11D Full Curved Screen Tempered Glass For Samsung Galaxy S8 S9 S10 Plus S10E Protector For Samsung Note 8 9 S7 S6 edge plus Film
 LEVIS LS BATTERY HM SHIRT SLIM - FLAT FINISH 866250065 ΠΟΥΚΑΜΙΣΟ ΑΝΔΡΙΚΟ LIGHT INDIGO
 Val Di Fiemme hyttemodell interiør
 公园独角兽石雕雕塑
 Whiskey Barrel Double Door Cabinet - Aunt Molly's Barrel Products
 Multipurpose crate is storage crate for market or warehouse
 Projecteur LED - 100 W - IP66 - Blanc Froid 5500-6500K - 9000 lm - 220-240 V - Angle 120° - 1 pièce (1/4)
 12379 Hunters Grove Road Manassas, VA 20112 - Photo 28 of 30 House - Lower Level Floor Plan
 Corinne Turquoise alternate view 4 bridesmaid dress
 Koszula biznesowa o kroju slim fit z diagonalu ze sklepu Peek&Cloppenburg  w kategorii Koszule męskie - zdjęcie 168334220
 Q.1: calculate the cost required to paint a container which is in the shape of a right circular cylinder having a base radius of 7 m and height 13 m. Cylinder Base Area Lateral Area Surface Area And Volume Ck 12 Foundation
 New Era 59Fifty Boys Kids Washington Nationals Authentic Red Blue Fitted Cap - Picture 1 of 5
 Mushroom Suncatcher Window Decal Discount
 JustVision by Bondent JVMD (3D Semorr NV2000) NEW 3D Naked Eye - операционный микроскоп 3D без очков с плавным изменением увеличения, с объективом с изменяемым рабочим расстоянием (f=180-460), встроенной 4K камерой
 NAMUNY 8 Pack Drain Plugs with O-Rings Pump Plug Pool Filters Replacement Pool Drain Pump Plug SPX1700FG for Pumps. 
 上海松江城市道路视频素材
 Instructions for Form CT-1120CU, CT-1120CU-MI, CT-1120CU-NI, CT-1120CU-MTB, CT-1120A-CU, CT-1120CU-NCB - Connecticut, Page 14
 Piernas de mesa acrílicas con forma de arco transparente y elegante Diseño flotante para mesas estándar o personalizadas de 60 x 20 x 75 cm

Goal of the exercise:
Using the records above, copy exactly the lines from the one containing "Instructions for Form" through the last, inclusive, and nothing else.

Output of the exercise:
 Instructions for Form CT-1120CU, CT-1120CU-MI, CT-1120CU-NI, CT-1120CU-MTB, CT-1120A-CU, CT-1120CU-NCB - Connecticut, Page 14
 Piernas de mesa acrílicas con forma de arco transparente y elegante Diseño flotante para mesas estándar o personalizadas de 60 x 20 x 75 cm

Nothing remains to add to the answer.